The story of Apollo Tyre’s failed $2.5 billion merger attempt with Cooper Tire & Rubber Co of the US is a story of many mis-steps.
The deal, if it had gone through, would have catapulted Apollo to 7th position in the global tyre stakes, from 17th position now.
The three central characters in this story: Neeraj Kanwar, vice chairman of Apollo, Roy Armes, CEO of Cooper and Che Hongzhi, chairman of China’s Rongcheng group – Cooper’s joint venture partner in that country — never really understood each other.
When their paths crossed, it resulted in distrust and miscommunication. For a company like Apollo which has successfully carried out two acquisitions in the past (Dunlop in South Africa and Verdestein in Europe), its diligence on the people and their expectations was completely off the mark. Cooper was in a hurry to sell itself. Che wanted money. And lots of it.
The deal, which was called off by Cooper Tire on 30 December, 2013, also demonstrates that the two principal players – Apollo and Cooper – failed to foresee the dangers lurking around the corner. Whether it was the Chinese partner’s strident approach or the United Steel Workers’ (the union at Cooper US) move to extract better terms for themselves at the time of the deal, Apollo was caught off guard, resulting in an eventual bitter parting of ways between the two sides.

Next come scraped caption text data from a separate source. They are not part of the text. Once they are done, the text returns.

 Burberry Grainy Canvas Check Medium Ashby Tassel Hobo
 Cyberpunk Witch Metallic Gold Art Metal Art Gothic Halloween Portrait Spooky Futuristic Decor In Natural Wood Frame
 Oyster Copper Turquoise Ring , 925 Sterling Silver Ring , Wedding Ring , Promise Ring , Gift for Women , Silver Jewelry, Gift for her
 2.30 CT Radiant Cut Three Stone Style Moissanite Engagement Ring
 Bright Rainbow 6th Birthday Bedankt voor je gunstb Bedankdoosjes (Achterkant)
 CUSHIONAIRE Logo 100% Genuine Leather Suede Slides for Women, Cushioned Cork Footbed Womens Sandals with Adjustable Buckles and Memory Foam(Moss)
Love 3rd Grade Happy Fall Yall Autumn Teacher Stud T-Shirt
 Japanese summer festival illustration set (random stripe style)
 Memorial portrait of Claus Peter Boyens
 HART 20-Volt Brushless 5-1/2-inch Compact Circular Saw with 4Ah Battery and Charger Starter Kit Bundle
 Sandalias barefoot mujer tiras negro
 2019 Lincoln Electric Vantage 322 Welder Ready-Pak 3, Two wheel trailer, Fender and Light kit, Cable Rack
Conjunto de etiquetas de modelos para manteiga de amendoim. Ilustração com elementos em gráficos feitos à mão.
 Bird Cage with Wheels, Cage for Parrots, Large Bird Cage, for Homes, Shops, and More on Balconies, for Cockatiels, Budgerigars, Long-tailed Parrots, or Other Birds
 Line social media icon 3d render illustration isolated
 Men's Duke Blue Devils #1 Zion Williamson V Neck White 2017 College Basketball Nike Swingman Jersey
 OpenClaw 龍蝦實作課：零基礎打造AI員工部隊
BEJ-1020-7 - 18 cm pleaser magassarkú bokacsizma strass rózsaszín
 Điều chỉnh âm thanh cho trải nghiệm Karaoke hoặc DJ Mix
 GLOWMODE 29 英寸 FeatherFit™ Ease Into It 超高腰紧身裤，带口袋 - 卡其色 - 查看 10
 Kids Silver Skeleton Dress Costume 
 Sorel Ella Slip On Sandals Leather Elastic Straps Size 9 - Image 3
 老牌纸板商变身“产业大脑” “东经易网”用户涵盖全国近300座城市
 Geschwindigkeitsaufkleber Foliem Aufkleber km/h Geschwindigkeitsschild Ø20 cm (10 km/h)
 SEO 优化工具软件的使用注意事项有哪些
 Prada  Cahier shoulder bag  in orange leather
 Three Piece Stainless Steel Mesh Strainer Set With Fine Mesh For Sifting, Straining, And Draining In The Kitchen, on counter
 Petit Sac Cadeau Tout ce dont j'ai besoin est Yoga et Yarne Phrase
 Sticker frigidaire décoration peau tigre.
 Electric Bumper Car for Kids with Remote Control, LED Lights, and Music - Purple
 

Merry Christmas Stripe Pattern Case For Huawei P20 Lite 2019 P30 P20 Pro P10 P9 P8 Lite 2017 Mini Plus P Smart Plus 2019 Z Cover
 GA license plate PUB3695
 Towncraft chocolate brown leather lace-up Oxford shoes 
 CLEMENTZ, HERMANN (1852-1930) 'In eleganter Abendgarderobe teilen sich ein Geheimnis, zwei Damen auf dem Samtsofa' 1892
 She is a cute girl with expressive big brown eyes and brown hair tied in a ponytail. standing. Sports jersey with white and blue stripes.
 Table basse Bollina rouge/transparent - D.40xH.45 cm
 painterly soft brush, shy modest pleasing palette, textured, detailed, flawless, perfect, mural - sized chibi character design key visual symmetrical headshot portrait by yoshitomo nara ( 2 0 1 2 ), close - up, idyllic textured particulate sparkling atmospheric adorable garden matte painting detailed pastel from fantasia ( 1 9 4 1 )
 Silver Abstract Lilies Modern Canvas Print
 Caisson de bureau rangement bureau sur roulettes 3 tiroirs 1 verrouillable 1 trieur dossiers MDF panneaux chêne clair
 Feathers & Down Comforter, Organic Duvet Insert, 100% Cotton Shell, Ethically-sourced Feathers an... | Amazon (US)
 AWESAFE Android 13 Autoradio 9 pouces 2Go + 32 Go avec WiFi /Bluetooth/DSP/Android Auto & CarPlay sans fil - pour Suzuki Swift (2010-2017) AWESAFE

This deal also raises important questions for Indian companies attempting cross border transactions. Business strategy is one part of it. But in the end it all boils down to people. In the Apollo – Cooper deal, this bit went seriously wrong. Poor cultural due diligence, an integral part of any major cross-border M&A, was clearly one of the contributing factors to the deal being botched.
The markets and M&A watchers will be keenly following whether Apollo gets out of this setback and, if so, how soon.